Football is helping to finance the defence of Gotovina and other Croatians accused of war crimes
There’s a football match being played this Saturday at the Maksimir stadium in
Zagabria where the gate receipts are going to charity. However, the proceeds from
the match between Dynamo Zagabria and Hadjuk Split aren’t going to a children’s
association or towards the fight against some illness but to pay for the legal
costs of a dozen or so Croatian generals accused of war crimes by the International
Tribunal for the former Yugoslavia. One of the accused is Ante Gotovina, who was
captured last December in the Canary Islands and is considered by many people
in Croatia to be a national hero.
Important Match. “Let’s hope the stadium is full”, the Dynamo team manager, Zdravko Mamic, was
quoted as saying, and if it is it will mean that 40,000 people will have contributed
around €150,000 to the cause.
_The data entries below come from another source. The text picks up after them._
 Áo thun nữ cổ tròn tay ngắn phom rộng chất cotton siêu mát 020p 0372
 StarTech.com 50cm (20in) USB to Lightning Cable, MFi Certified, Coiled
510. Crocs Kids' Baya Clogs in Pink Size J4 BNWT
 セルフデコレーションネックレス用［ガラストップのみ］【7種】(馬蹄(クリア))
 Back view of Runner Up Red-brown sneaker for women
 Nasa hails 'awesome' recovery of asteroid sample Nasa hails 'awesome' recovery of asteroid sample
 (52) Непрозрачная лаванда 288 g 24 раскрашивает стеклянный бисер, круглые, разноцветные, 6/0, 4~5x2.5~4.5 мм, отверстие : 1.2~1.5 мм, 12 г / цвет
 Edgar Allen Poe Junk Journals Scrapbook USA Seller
In all likelihood the ground will be full since
the match is the penultimate of this year’s championship and is between the two
teams that in recent years have been the strongest in the league. In fact Dynamo
has just won the championship, which in the last years was won by Hajduk, and
the team wants to celebrate in front of its own fans.
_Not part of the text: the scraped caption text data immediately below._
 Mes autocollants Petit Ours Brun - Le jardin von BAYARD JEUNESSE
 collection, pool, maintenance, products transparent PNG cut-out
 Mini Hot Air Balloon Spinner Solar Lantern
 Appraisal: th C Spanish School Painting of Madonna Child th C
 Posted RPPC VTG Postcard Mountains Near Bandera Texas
National heroes. The episode is the latest demonstration of how Croatian society has closed ranks
around Gotovina and the other soldiers accused by the Hague. The European Union
declared that their capture was a condition for Croatia entering the EU in the
near future, but not even this incentive changed public opinion in Croatia. In
December 70,000 people took to the streets in Zagabria to protest after Gotovina
was captured and another 100,000 followed suit in Split, while a survey revealed
that 60% of Croatians don’t believe that Gotovina is responsible for the war crimes
he’s accused of and 53% think that his arrest is negative for Croatia.
The accusations. The general’s trial is taking place at the moment and Gotovina has claimed that
he is innocent, suggesting that the trial could go on for a long time in much
the same way as that of Slobodan Milosevic, who died in March before his trial
finished. Gotovina, who was in charge of Croatian troops in Krajina, in eastern
Croatia, on the Serbian border, during the final phases of the war between Zagabria
and Belgrade, is accused of crimes against humanity involving 150-200,000 Serbian
Croats who lived in the region and were forcibly deported to Serbia by Gotovina’s
troops. According to the Hague, the Croatian troops killed 150 Serbs and burnt
the houses of thousands of others so that they couldn’t return.
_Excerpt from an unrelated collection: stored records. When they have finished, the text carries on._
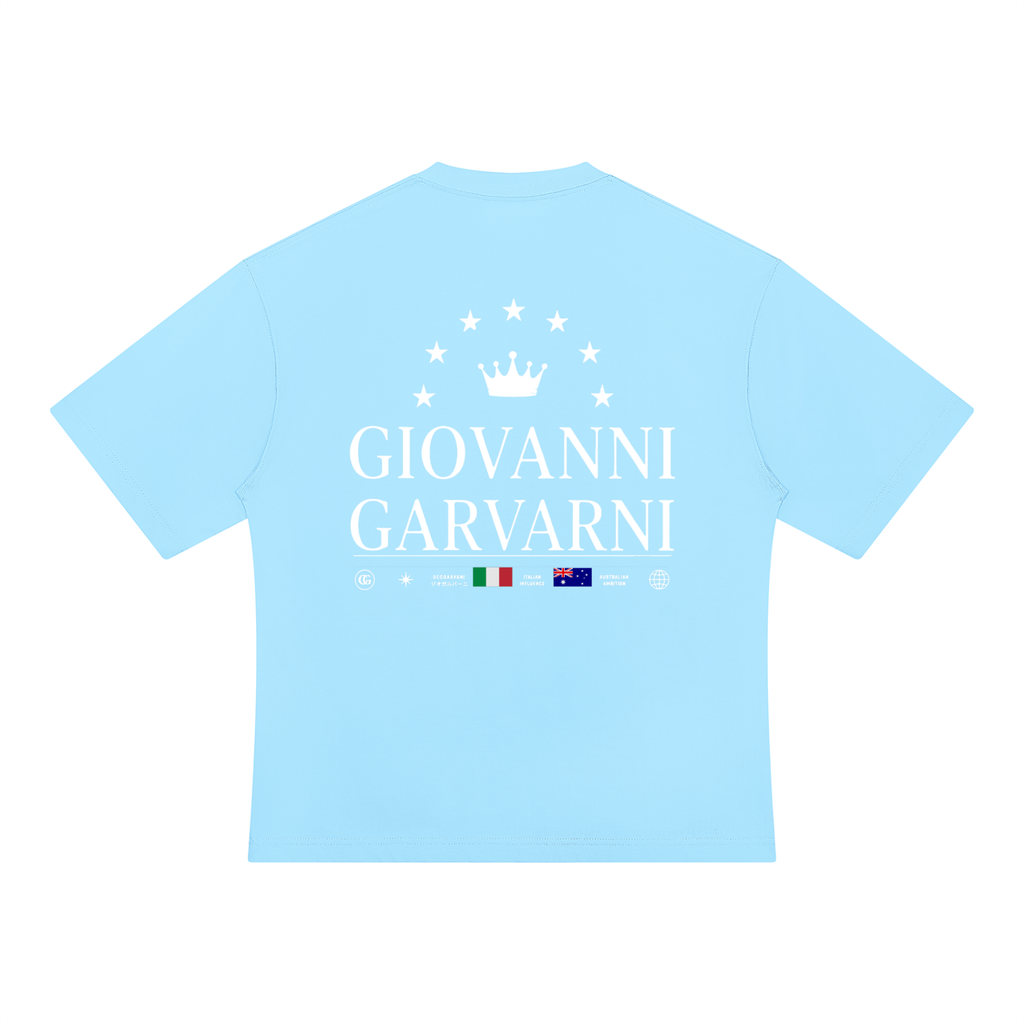 GIOVANNI GARVANI Signature Heavyweight Oversized T-Shirt
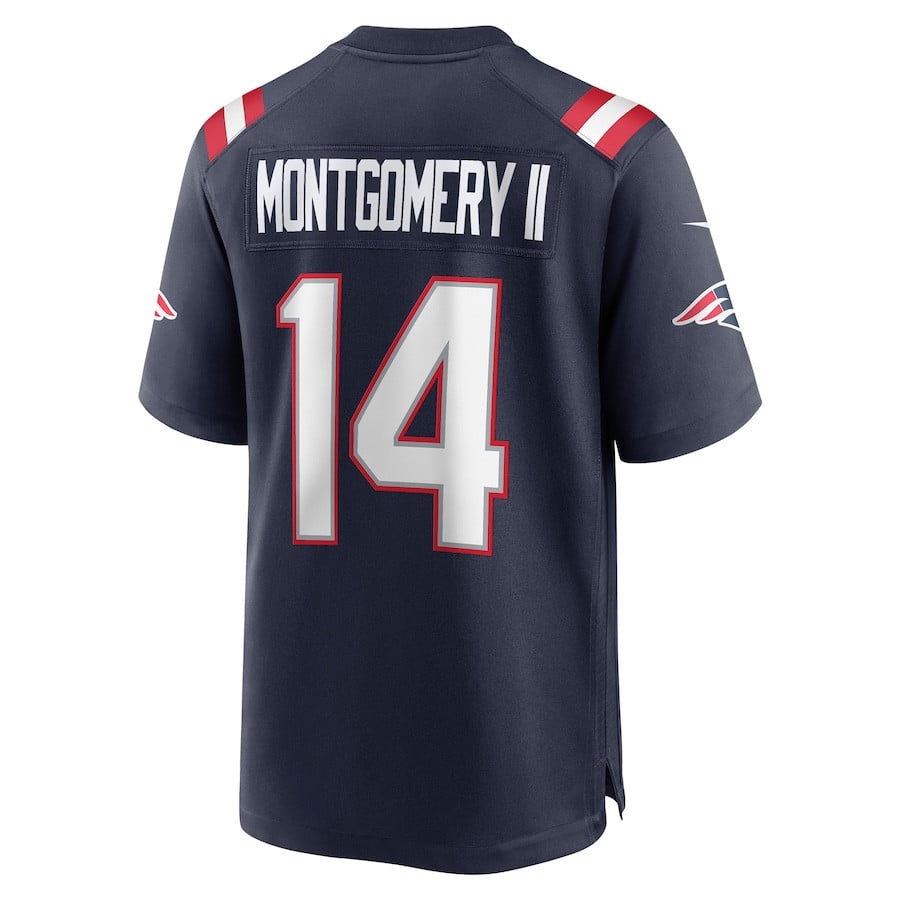 Ty Montgomery 14 New England Patriots Game Navy NFL Jersey Men's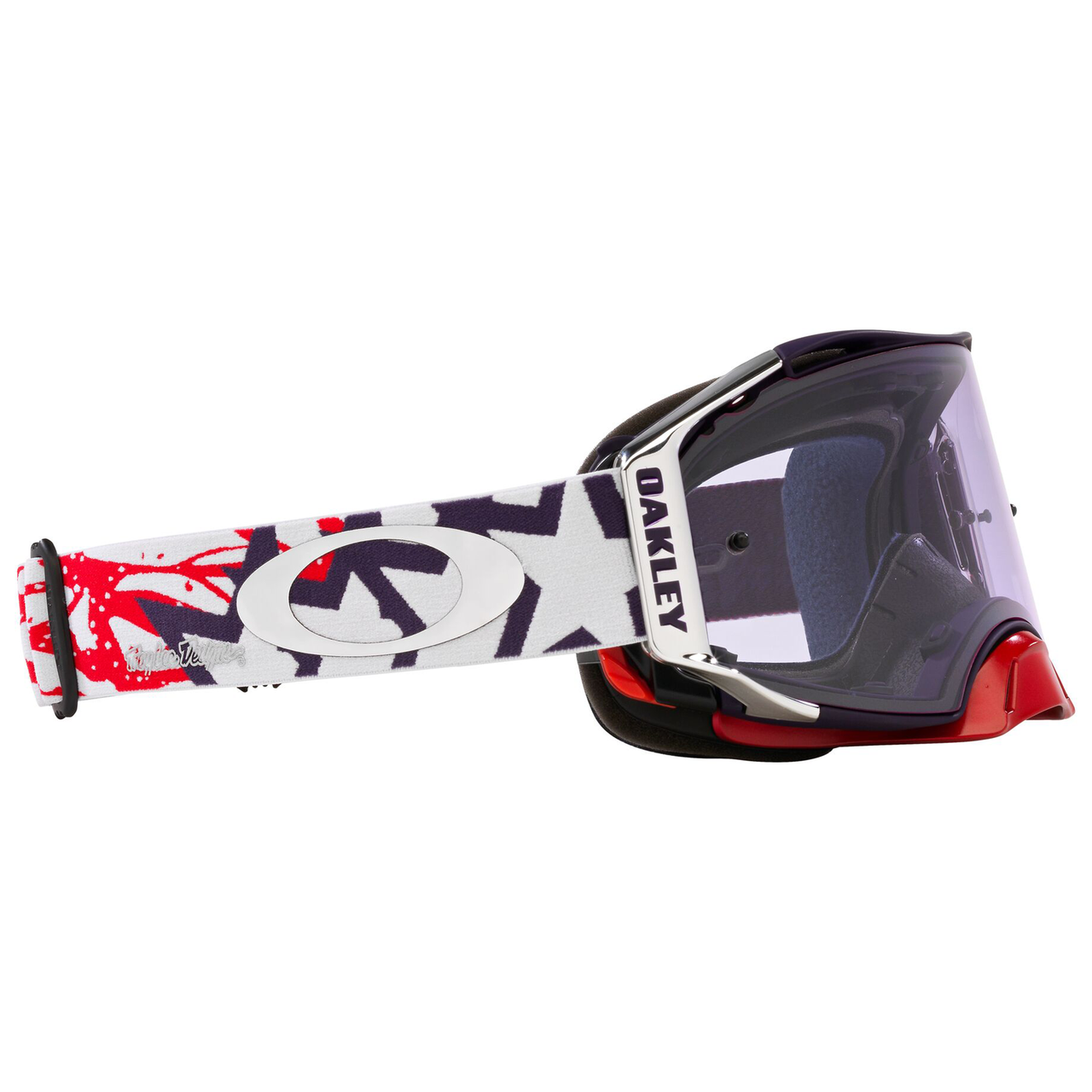 Oakley Airbrake MX TLD Collection Goggle Red/White/Blue Stars - Prizm Low Light Lens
Football and politics in the Balkans. The plan to give the proceeds of the Dynamo v Hajduk game to the alleged Croatian
war criminals once again demonstrates the links between sport and nationalism
in the former Yugoslavia. The former Milan player Zvonimir Boban, for example,
has never denied his support for Franjo Tudjman, the Croatian president who was
also charged by the Hague, while the star of Croatian tennis, Goran Ivanisevic,
publicly defended Gotovina after his arrest. Things in Serbia are little different
where Sinisa Mihajlovic, the professional footballer, was a great friend and admirer
of Arkan, the Serbian leader of the paramilitary Tigers who was also accused of
crimes against humanity in Bosnia and Kosova, before being assassinated by a sniper.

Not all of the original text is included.